Current legislation does not mandate ISPs to do any of this, at least not in the UK. While the TSA stipulates the length of time ISPs should hold on to data and basic supply chain hygiene, these regulations do not extent toward enforcing blanket protection for users against cyberattacks. This is down to a number of reasons, starting with the level of personal freedom internet users naturally expect (see, for example, the ongoing debate in Canada about the privacy implications of Bill C-26).
“What it comes down to is how much control you want the ISP to have and whether you want to have that full freedom, not of speech, but of information,” says Mistry.
Alternative ISP cybersecurity frameworks
Another argument goes that government regulators are not sufficiently agile to create legislation quickly enough to remain up to date with a field as fast-moving as the internet. So says Adrian Wan, senior manager of policy and advocacy at the Internet Society, an NGO specialising in boosting the internet’s overall cyber hygiene. Allowing top-down regulations by governments risks locking in outdated methods, he argues.
“When network operators make decisions, they are agile, responding to real-time needs as they see the landscape change all the time,” says Wan. Government legislation, by contrast, will always trail behind.
The Internet Society has put forward a framework to mitigate these risks. Dubbed the Mutually Agreed Norms for Routing Security (MANRS), the guidelines concentrate on improving the routing system, the process by which a computer selects a path to access one or more networks. Systemic security issues about how traffic is routed on the internet make it a relatively easy target for cybercriminals. It’s been around since 2014.
‘MANRS helps reduce the most common routing threats and increases efficiency and transparency among ISPs and peering relationships,’ wrote Wan in a recent Internet Society blog post. It does this by outlining a set of principles that focus on the strategic actions ISPs should take to protect consumers from common online crimes.
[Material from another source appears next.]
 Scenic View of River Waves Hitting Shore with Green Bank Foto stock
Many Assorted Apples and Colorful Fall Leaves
That includes providers acting collectively with peers to identify and respond to known threats, increasing awareness of the dangers of poor cyber hygiene among stakeholders (including customers), and working more closely with manufacturers and hardware and software vendors to increase minimum levels of security.
“By joining MANRS, it means that ISPs take certain concrete actions to secure their networks and also to do their part to help others secure theirs as well,” says Wan.
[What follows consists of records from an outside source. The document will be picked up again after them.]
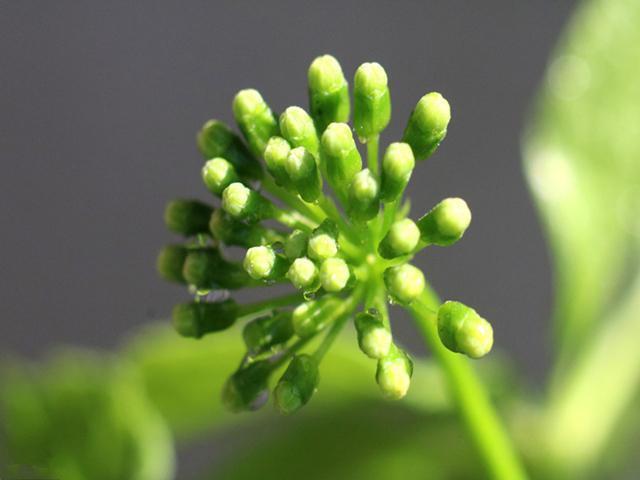 补肾|让人“猛如虎”的不是韭菜,多吃3种“稀罕物”,帮你壮如小蛮牛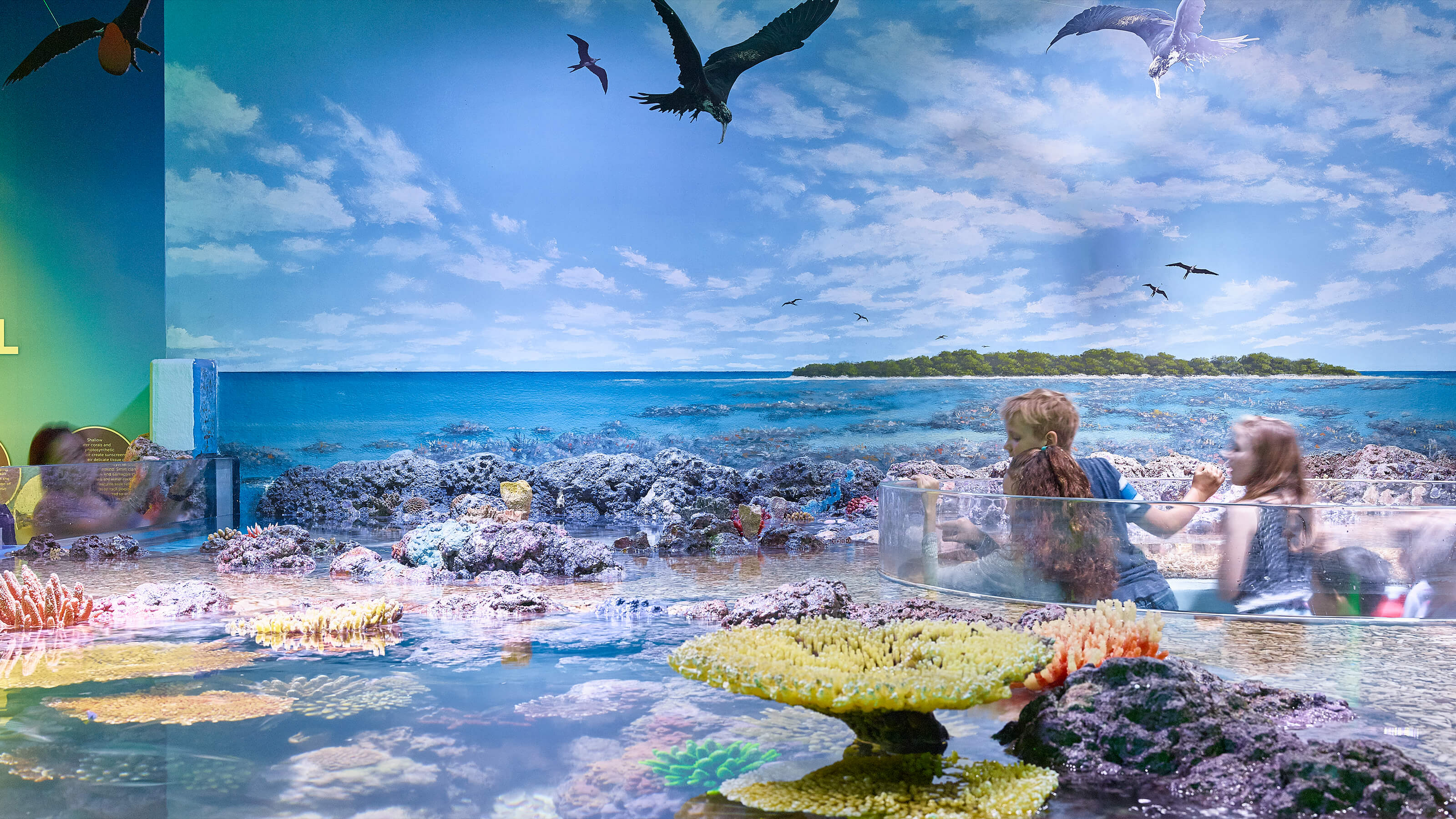 Cairns Aquarium Day Pass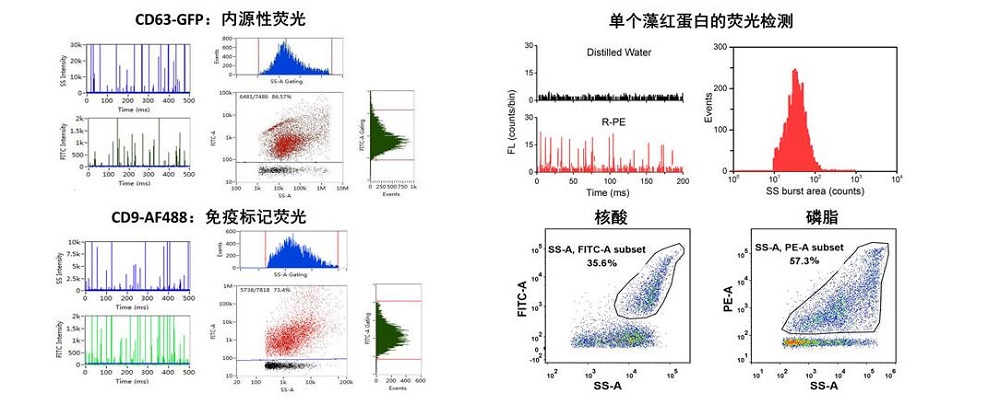 15563366797582.jpg TIM截圖20190427113235.jpg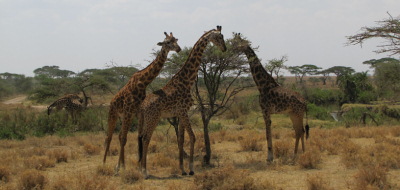 Safari holidays in Kenya - 5 night Kili safari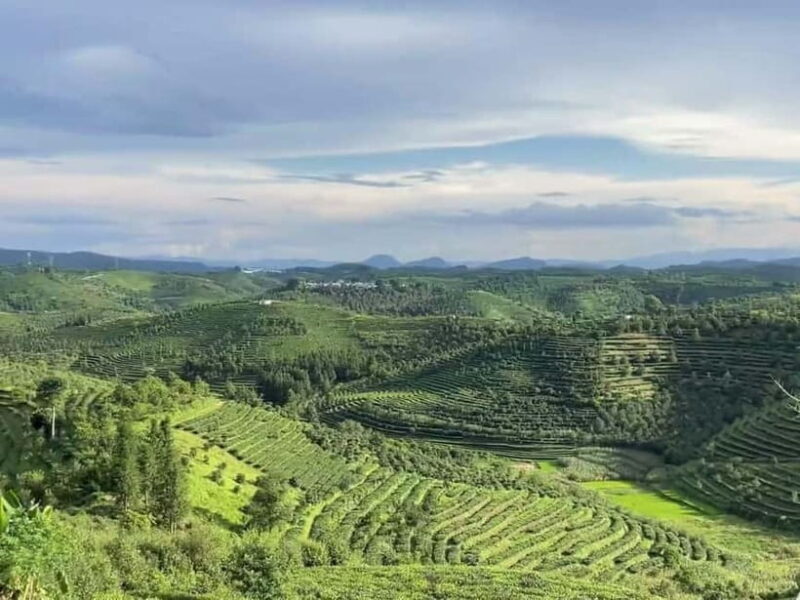 Puer Tea Picking and Tasting | 3-4 Hour Morning Trip - Final Thoughts: Who Will Love This Tour?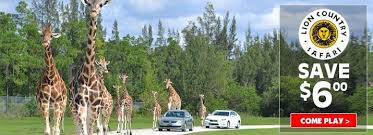 Save 6 00 Off Each Admission To Lion Country Safari Drive Thru Safari Over 1 000 Animals Roaming Free Https Www Destinationc Florida Best Savings West Palm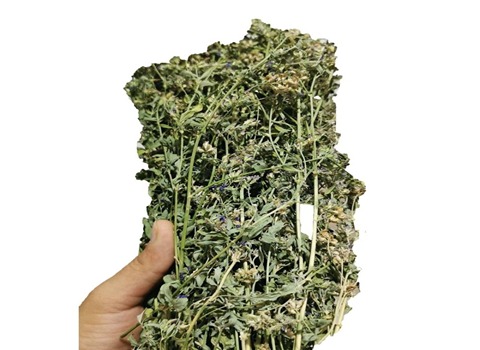 تصویر 3 از قیمت خرید یونجه خشک خرگوش + فروش ویژه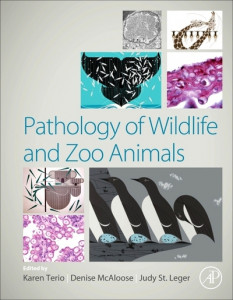 Pathology of Wildlife and Zoo Animals by Karen A. Terio (Hardback)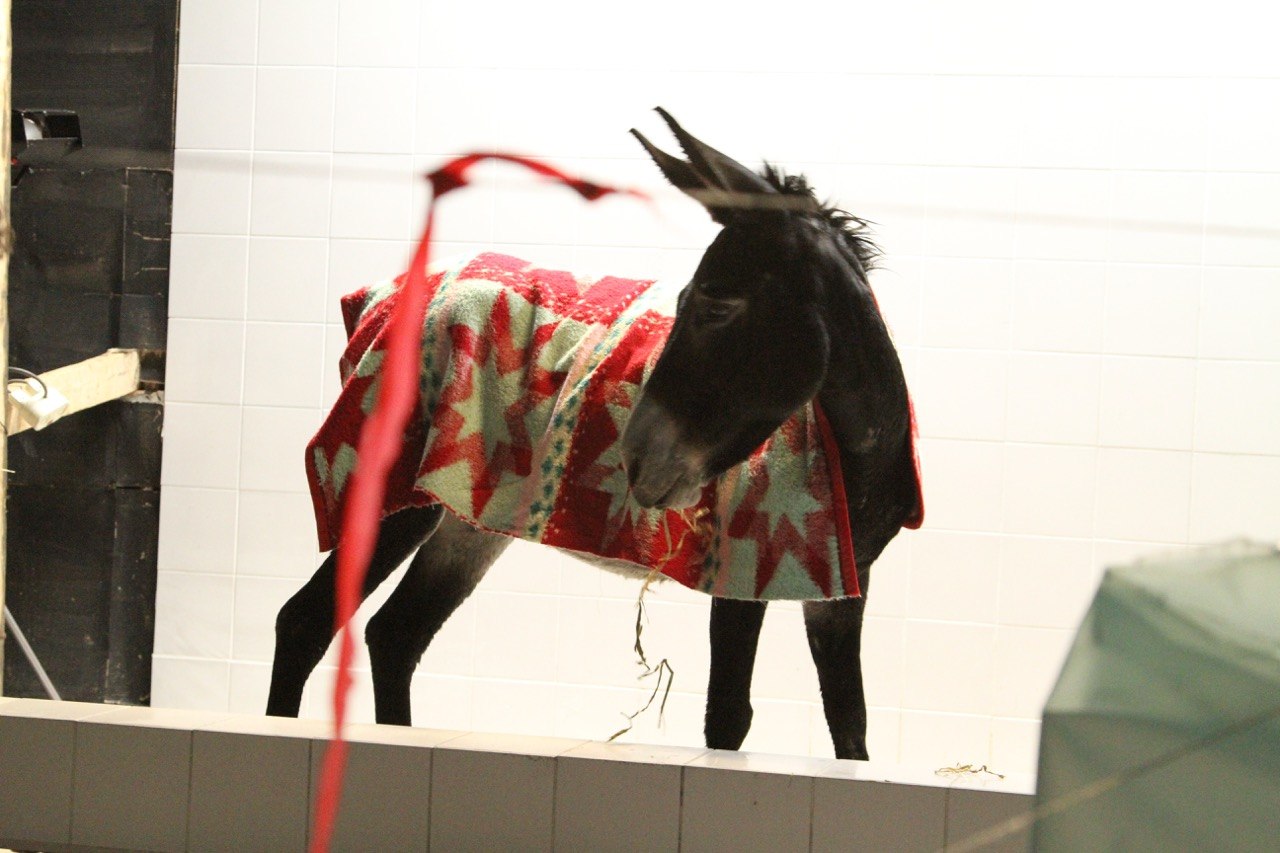 Η έκθεση all eyes on palestine στην Αθήνα: Η σύγχρονη τέχνη ως μέσο αντίστασης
So far, 275 network operators and 45 internet exchange points have signed on to the proposal to tighten ISP cybersecurity responsibilities. The US government is also increasingly open to such reform. In February, the FCC opened up its own inquiry, partly triggered by an entreaty from the Department of Defense citing the MANRS proposals, into how the sector might better secure network routing protocols. One major US ISP, however, remained reticent about the prospect of future changes.
“Verizon agrees with nearly all other commenters that the global nature of Internet routing means the United States cannot unilaterally solve its inherent security vulnerabilities,” said the company in a filing it made to the FCC. “Mandating adoption of any particular set of technologies or standards would be counterproductive or even harmful.”
In the meantime, says Mistry, ISPs can take actions now that better safeguard users, beyond the scattered blocking protocols they already have in place. While there’s a balance to be struck between the security and the freedom of the user online, it shouldn’t stop the sector from making basic, beneficial improvements. “There’s got to be some minimum baseline that they should be putting in,” he says. Ultimately, argues Mistry, “you have to have safeguards in place that are not charged at a premium. It needs to be part of the service.”